Over a thousand Russians including prominent members of the Communist Party packed Saturday a central square in Moscow to protest what Kremlin critics call mass electoral fraud as police detained a number of activists.
Opponents of President Vladimir Putin have accused the authorities of fraud after results showed the deeply unpopular ruling United Russia party winning a sweeping majority in parliament at legislative polls this month.
The three-day vote took place following a historic crackdown on the opposition, with authorities imprisoning Putin's most vocal critic Alexei Navalny and formally outlawing his organizations.
With nearly all vocal Kremlin critics barred from running, many Russians in Moscow and elsewhere backed the Communists as a form of protest voting, some for the first time.
More than a thousand protesters packed Pushkin Square on Saturday as Communist figures decried what they called a stolen election, an AFP correspondent said.
The crowd chanted "Putin is a thief!" and called for the release of political prisoners.
Some protesters carried signs demanding a recount, others expressed support for Navalny.
Ahead of the protest, authorities detained a number of activists including Sergei Udaltsov, head of a radical socialist group, Left Front, said OVD-Info, which tracks detentions at opposition rallies.
Authorities beefed up the police presence on the square but members of law enforcement did not break up the rally. Instead, they played loud music in an effort to drown out the speakers.
"United Russia has stolen lawmaker mandates," Valery Rashkin, first secretary of the Communist Party in Moscow, told protesters.
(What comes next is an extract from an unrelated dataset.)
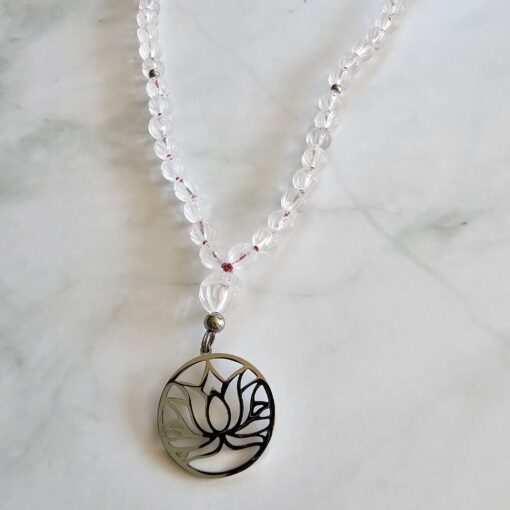Bergkristall-Lotusperlen-Mala (1) mit Edelstahlanhänger und Armband – Bild 9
He and other Communists took particular issue with electronic voting results in Moscow which reversed Communist Party candidates' leads during the September 17-19 vote.
"There's been colossal vote fraud in Moscow," Rashkin said, adding the party would contest the election results.
Communist lawmaker Alexei Kurinny praised Muscovites for being at the forefront of a fight for fair elections.
"Whoever steals votes is a criminal," he told the rally.
Veteran Communist leader Gennady Zyuganov, who along with other party leaders was set to meet with Putin, did not attend the rally.
Despite claims of mass fraud, United Russia's share of the vote went down to 49.8 percent from 54.2 percent in the last parliamentary election in 2016, while the Communists saw their support grow to 18.9 percent from 13.3 percent.